Free-Falling into Change

A door closing became the catalyst to another opening. After assessing finances, I took a gap year in 2017 to explore and travel. I traveled for 170 days on a strict budget. At the end of 2017 I decided to not go back to an office job. The joy of newfound autonomy was much too sticky.

Doing & Becoming

During this time, I asked existential and individuation question- flipping the logic and the syntax. Instead of— What do I want to become, I asked What can I learn about the person I am becoming, by the things that I am doing and the choices that I am making?

My writing and the salons came out of such exploration and experimentation.

Change as Process

To chunk down the ambiguity of change, I introduced process and structure where I could. I fortified the bridge financially, making sure that my life was responsibly resourced. I drastically cut down expenses and lifestyle, all the while honoring my values and never letting joy out of sight.
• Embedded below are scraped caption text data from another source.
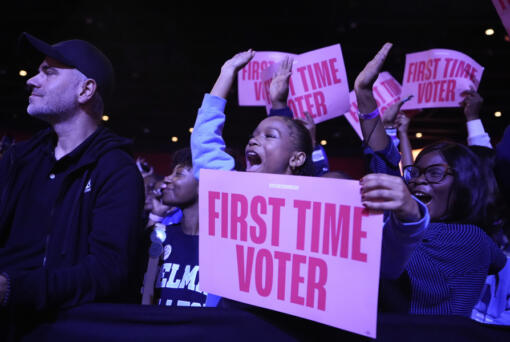 A first-time voter cheers before former first lady Michelle Obama speaks at campaign rally in support of Democratic presidential nominee Vice President Kamala Harris, Tuesday, Oct. 29, 2024, in College Park, Ga.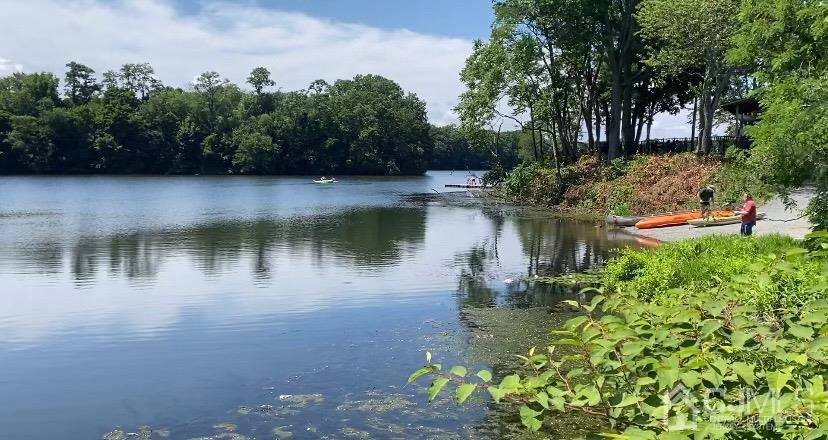 257 Matawan Avenue Matawan, NJ 07747 - Photo 24 of 28 a view of a lake with a house in the background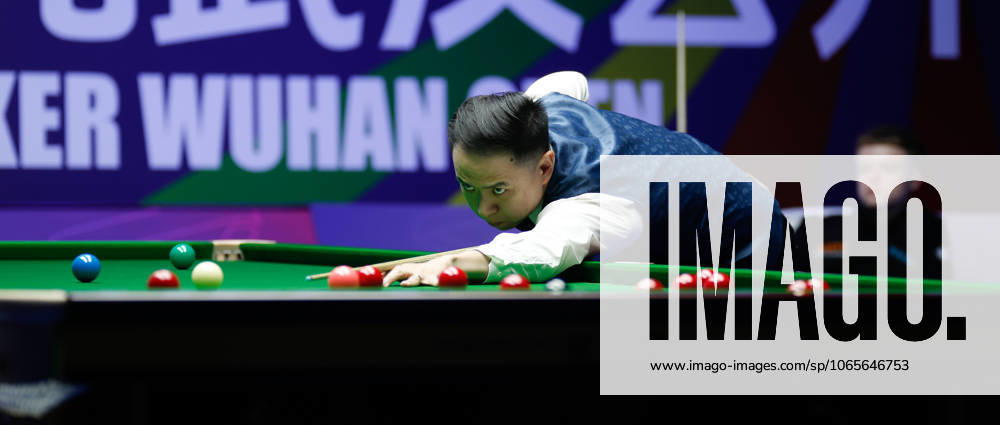 Xiao Guodong of China plays a shot in the Quarterfinal match against Stan Moody of England on day 5 of the 2025 Wuhan Open at Optics Valley Gymnasium of HUST on August 28, 2025 in Wuhan, Hubei Province of China.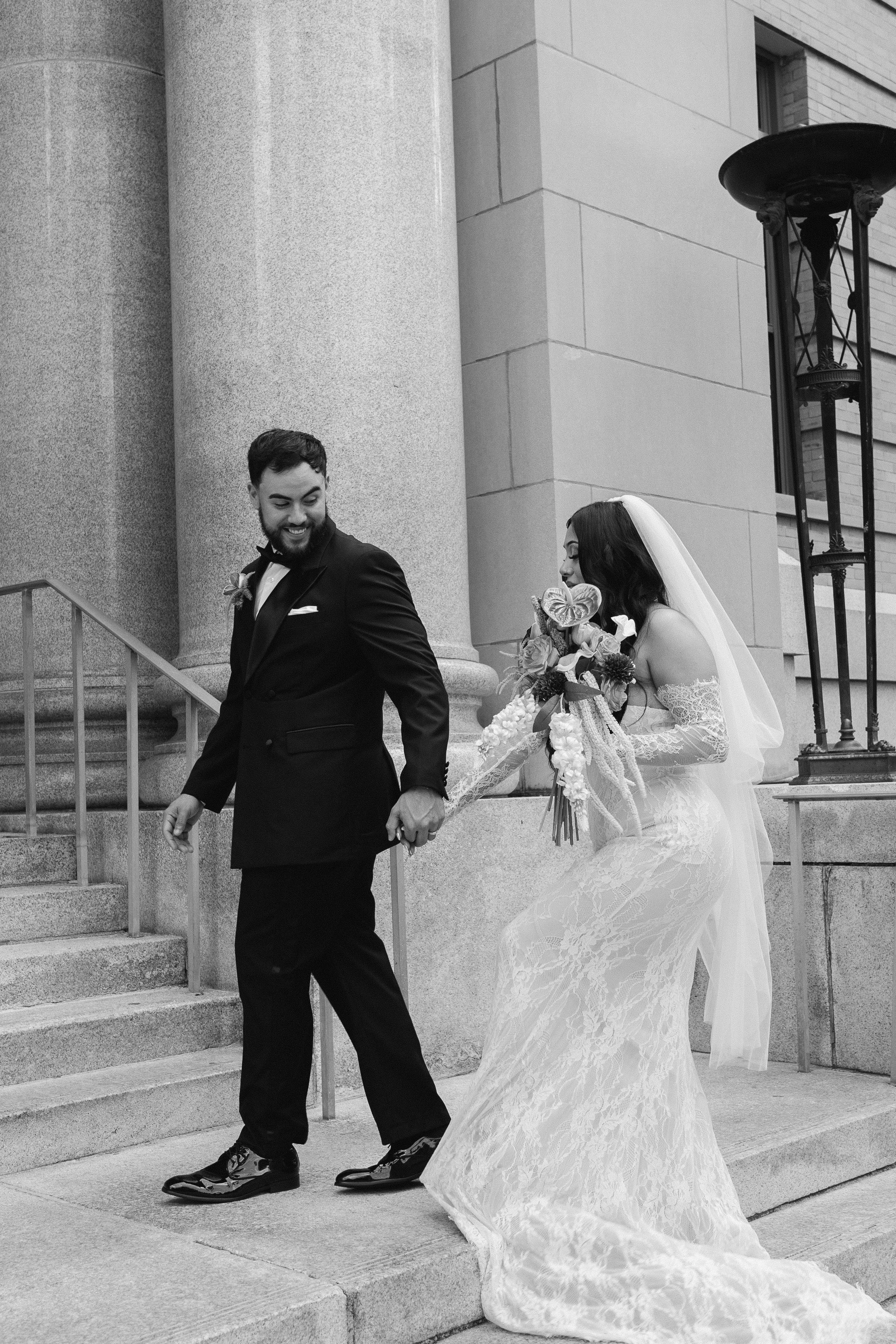 A bride and groom walking down the steps outside a building, holding hands. The groom is wearing a black suit and the bride is in a white wedding dress holding a bouquet.
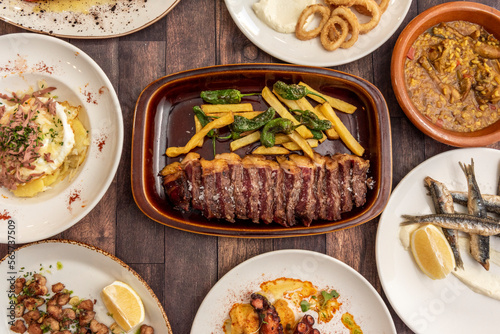 Set of dishes and tapas of Spanish gastronomy with sliced grilled beef entrecote with french fries, Galician octopus, fried anchovies, fried calamari, rice with partridge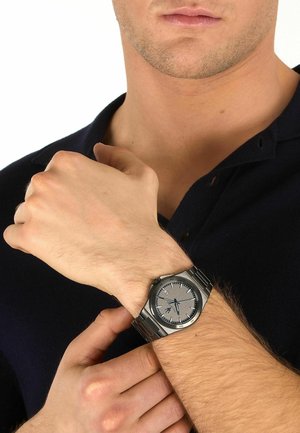 Uomo con camicia nera che regola un orologio da polso in metallo argento con quadrante grigio sul polso sinistro.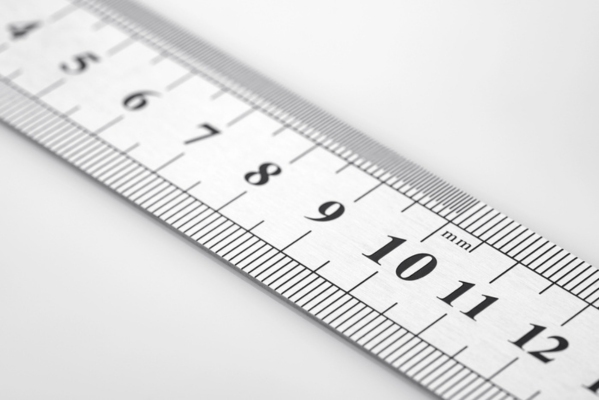 metal ruler on white background depicting windshield chip assessment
I built a new lifeline of change agents, people who were either undergoing change or were desiring to disrupt their lives. I studied the habits, choices and lifestyles of communities who mimicked the future choices I wanted to make— creatives, nomads and learners.

I used the tools and process of a framework called Life Design — from a book that was recommended by a wise friend end of 2016.

Change as Practice

I have gotten to a point where I don’t freak out anymore by the prospect of venturing into the unknown. My hands still get cold and clammy and when I find myself lapsing into old mental models, I have the awareness and the lifeline calls to forestall panic spirals. The last three years have been catalytic to unlocking hidden parts that had gone missing. This discovery has been foundational for happiness in ways that I did not anticipate. Armed with a new sense of resilience and confidence I look forward to the journey ahead even if the road is windy and does not augur a destination (yet).